### What is expected
When you reach the line with "Új fékes SEBAL" in the listing below, transcribe it and each line after it up to and including the line with "T-Shirt Longshirt Kurzarm", exactly and with nothing else.

### Stored data
◆ ◆ ◆ ◆

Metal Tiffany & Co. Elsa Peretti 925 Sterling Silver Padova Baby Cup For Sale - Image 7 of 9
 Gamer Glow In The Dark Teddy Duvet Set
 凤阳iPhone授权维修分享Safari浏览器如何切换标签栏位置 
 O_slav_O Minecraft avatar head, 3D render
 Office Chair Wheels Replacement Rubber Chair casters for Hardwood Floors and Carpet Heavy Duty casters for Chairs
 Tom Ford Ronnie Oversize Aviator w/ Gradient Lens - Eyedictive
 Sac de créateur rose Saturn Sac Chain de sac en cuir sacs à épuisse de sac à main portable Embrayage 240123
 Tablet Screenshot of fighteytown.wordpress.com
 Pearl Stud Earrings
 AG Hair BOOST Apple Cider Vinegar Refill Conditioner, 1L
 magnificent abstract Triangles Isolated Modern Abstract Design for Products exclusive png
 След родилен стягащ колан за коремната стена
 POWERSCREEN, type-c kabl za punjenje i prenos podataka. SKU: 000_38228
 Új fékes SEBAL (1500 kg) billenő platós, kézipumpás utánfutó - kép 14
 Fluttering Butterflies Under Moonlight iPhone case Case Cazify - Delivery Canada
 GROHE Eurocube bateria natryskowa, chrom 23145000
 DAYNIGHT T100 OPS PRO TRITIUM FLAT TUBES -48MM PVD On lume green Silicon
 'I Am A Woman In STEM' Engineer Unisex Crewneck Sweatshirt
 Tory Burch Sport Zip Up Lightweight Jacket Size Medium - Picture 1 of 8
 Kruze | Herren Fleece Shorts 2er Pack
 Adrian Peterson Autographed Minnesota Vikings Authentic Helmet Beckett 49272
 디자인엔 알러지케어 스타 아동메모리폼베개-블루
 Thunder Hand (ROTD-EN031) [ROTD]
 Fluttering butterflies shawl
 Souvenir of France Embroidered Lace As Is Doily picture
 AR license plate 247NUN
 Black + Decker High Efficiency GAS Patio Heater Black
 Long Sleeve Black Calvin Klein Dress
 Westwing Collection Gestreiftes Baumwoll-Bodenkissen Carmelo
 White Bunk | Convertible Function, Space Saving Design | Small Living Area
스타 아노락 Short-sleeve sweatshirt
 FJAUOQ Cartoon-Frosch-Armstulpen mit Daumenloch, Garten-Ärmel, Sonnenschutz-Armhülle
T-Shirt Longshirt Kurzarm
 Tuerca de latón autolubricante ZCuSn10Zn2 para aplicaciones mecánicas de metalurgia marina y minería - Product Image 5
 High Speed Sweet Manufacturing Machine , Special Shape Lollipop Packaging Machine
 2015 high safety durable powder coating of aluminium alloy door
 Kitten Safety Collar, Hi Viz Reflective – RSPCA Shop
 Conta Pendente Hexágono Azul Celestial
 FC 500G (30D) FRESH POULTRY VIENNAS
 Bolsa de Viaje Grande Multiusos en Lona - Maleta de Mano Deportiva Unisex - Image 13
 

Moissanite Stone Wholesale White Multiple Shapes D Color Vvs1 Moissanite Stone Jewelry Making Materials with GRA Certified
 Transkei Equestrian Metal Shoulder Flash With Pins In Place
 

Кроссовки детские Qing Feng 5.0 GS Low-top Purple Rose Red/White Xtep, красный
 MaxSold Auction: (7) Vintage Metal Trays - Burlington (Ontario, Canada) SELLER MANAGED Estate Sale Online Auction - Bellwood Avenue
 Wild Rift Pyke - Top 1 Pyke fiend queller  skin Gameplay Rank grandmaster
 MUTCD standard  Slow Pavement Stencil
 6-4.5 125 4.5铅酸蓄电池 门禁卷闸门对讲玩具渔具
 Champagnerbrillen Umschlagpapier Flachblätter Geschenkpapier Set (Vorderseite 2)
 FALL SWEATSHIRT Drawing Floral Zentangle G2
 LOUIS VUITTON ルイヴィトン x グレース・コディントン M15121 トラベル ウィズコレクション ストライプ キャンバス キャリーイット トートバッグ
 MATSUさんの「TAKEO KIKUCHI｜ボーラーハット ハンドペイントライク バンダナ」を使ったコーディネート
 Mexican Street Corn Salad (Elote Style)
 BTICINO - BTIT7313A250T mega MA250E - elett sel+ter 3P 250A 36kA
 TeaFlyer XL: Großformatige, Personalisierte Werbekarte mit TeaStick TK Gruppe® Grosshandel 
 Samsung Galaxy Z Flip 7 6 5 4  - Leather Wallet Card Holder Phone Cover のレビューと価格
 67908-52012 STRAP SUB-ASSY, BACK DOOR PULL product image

◆ ◆ ◆ ◆

### Response to this task
 Új fékes SEBAL (1500 kg) billenő platós, kézipumpás utánfutó - kép 14
 Fluttering Butterflies Under Moonlight iPhone case Case Cazify - Delivery Canada
 GROHE Eurocube bateria natryskowa, chrom 23145000
 DAYNIGHT T100 OPS PRO TRITIUM FLAT TUBES -48MM PVD On lume green Silicon
 'I Am A Woman In STEM' Engineer Unisex Crewneck Sweatshirt
 Tory Burch Sport Zip Up Lightweight Jacket Size Medium - Picture 1 of 8
 Kruze | Herren Fleece Shorts 2er Pack
 Adrian Peterson Autographed Minnesota Vikings Authentic Helmet Beckett 49272
 디자인엔 알러지케어 스타 아동메모리폼베개-블루
 Thunder Hand (ROTD-EN031) [ROTD]
 Fluttering butterflies shawl
 Souvenir of France Embroidered Lace As Is Doily picture
 AR license plate 247NUN
 Black + Decker High Efficiency GAS Patio Heater Black
 Long Sleeve Black Calvin Klein Dress
 Westwing Collection Gestreiftes Baumwoll-Bodenkissen Carmelo
 White Bunk | Convertible Function, Space Saving Design | Small Living Area
스타 아노락 Short-sleeve sweatshirt
 FJAUOQ Cartoon-Frosch-Armstulpen mit Daumenloch, Garten-Ärmel, Sonnenschutz-Armhülle
T-Shirt Longshirt Kurzarm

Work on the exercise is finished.